▶ **Required work**: Skip pictures in the listing below; copy exactly the lines from the one with "Apartamento à venda" through the one with "CLASS:y - 1st Mini Album - Z LIVES ACROSS", inclusive.

▶ **Data shown**:
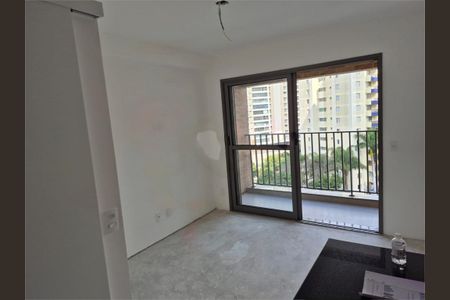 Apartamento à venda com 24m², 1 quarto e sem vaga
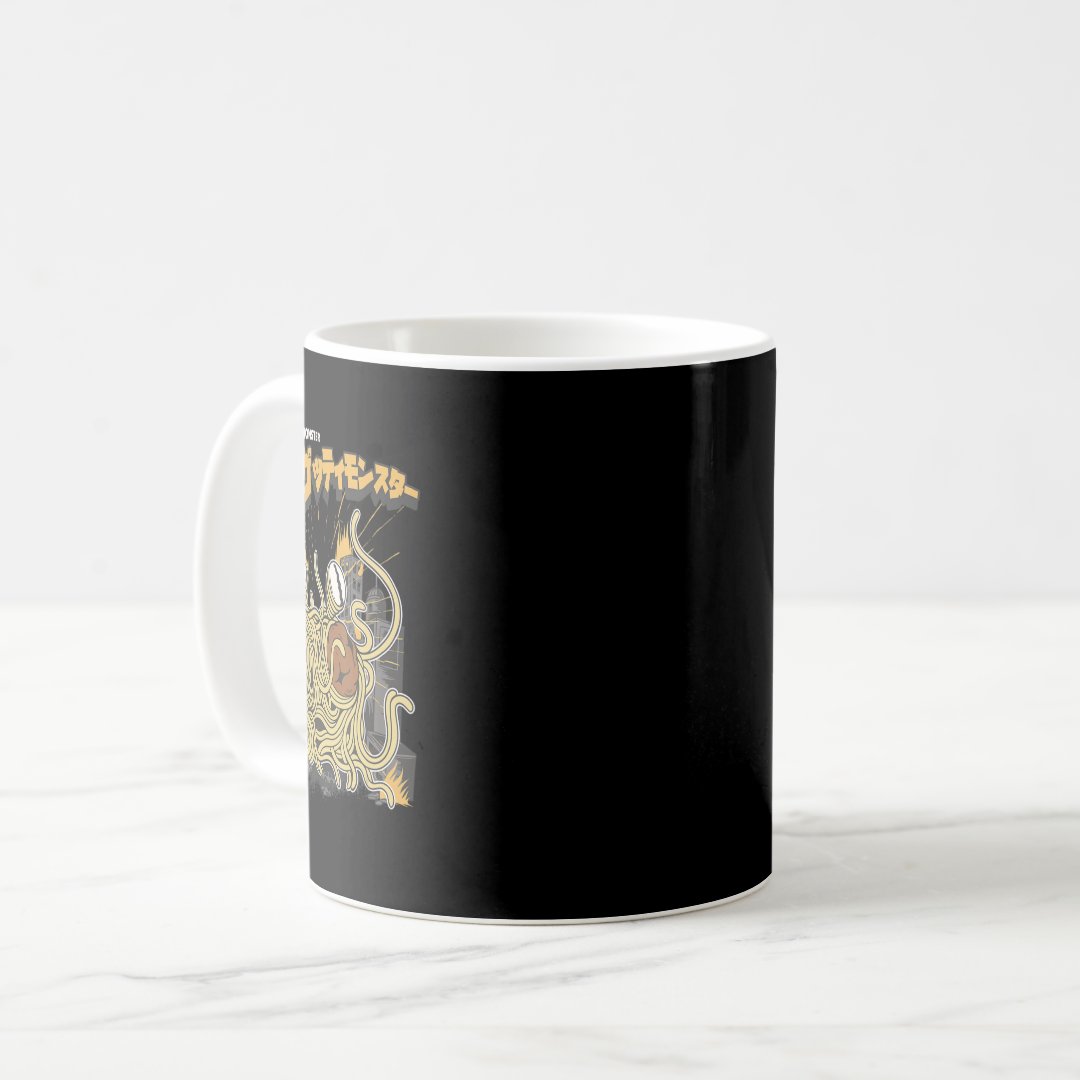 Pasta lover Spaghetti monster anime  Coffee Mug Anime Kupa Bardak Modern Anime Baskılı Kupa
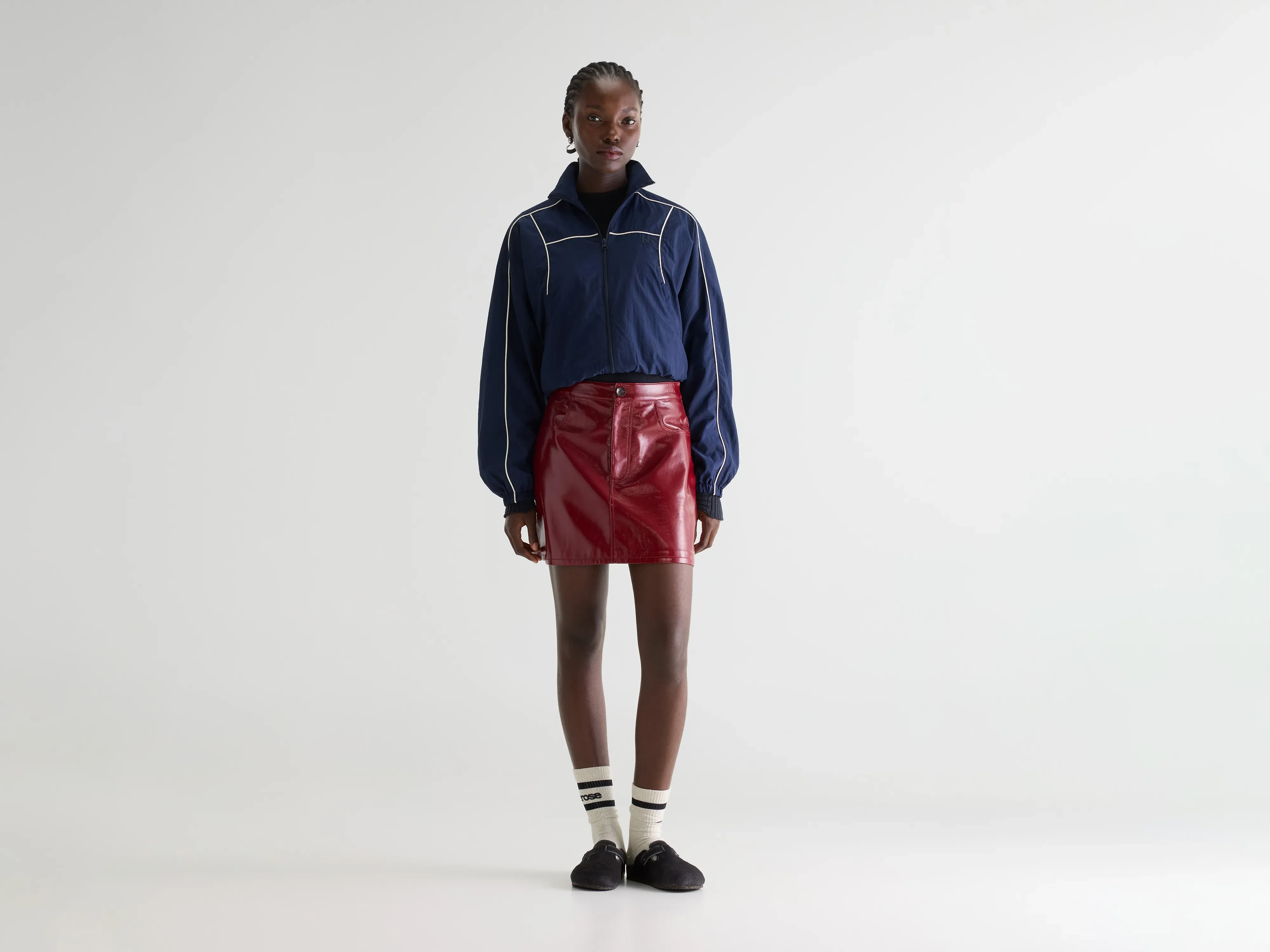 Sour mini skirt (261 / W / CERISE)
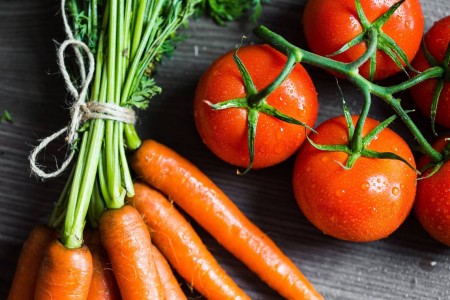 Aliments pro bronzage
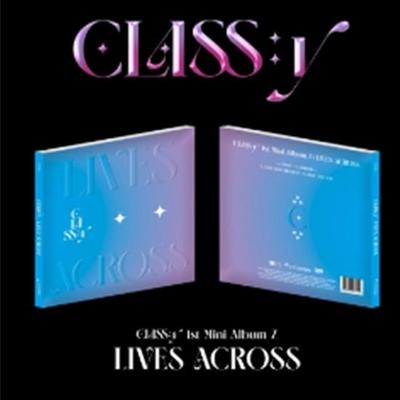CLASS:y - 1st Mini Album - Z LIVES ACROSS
==
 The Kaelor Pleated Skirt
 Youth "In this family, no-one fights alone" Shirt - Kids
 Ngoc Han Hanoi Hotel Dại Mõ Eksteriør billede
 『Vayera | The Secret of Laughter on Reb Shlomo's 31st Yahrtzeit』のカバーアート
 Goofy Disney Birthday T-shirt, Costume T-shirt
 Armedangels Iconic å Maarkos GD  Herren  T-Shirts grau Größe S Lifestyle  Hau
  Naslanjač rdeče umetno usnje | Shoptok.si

▶ **Output of the exercise**:
 Apartamento à venda com 24m², 1 quarto e sem vaga
 Pasta lover Spaghetti monster anime  Coffee Mug Anime Kupa Bardak Modern Anime Baskılı Kupa
 Sour mini skirt (261 / W / CERISE)
 Aliments pro bronzage
CLASS:y - 1st Mini Album - Z LIVES ACROSS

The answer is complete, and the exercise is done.